Datça’ya özgü damat tatlısı ve ballı bademi yemeden de
buradan ayrılmayın. Kendinizi yorgun hissederseniz ballı badem sizi kendinize
getirecektir. Çok fazla bilinmese de oldukça farklı ve harika bir lezzete sahip
Datça ballı, badem ile birleştiğinde harika bir lezzet meydana geliyor.
Datça’nın liman lokantalarından bahsetmemek olmaz. Datça’nın
sadece denizi, doğası değil mutfağı da meşhur. Limanda bir lokantaya oturup,
harika manzara eşliğinde Akdeniz yemeklerini tatmalısınız.
Datça’ya kadar gelmişken Can Yücel’in müzeye çevrilen evini
ziyaret etmeden olmaz. Eski Datça’daki Can Yücel Kahvesi'nde de oturup demli bir
çay içebilirsiniz.
Eğer zamanınız ve vizeniz varsa Datça’ya çok yakında bulunan
Simi adasına da geçebilirsiniz.
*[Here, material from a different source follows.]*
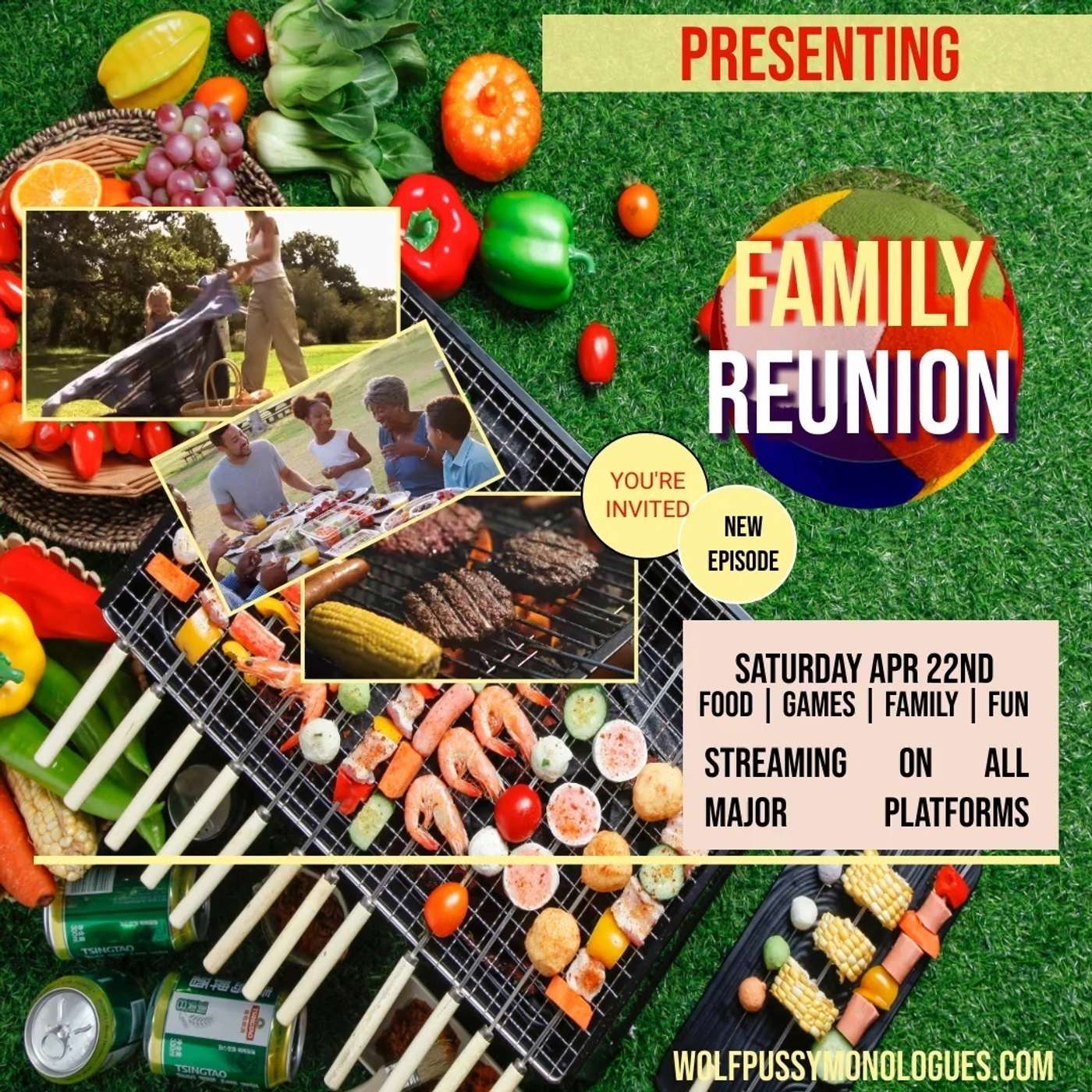 Family Reunion episode artwork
Küçük bir koyu, sakin ada halkı ve kültürüyle
Simi adası adeta insanı büyülüyor.
Datça’ya bir kaç gün yeter demeyin, Datça’nın büyüsüne
kapılıp tatilinizi biraz daha uzatmak isteyebilir ya da tam tadını alamadan
dönmek zorunda kalabilirsiniz. Sessiz ve huzurlu bir tatil geçirmek isterseniz
Datça tatil rotanızda mutlaka bulunmalı.
Burada konaklarken mutlaka bir gününüzü Datça tekne turuna
katılarak geçirmelisiniz.
Datça’ya gelmişken çiftliklerini gezmeden dönmeyin. Doğa ile iç
içe bir kaç saat geçirmek isterseniz mandalina bahçelerini ya da zeytin
çiftliklerini dolaşabilirsiniz.
Ayrıca Datça’da bulunan Knidos Antik kentini de gezebilirsiniz.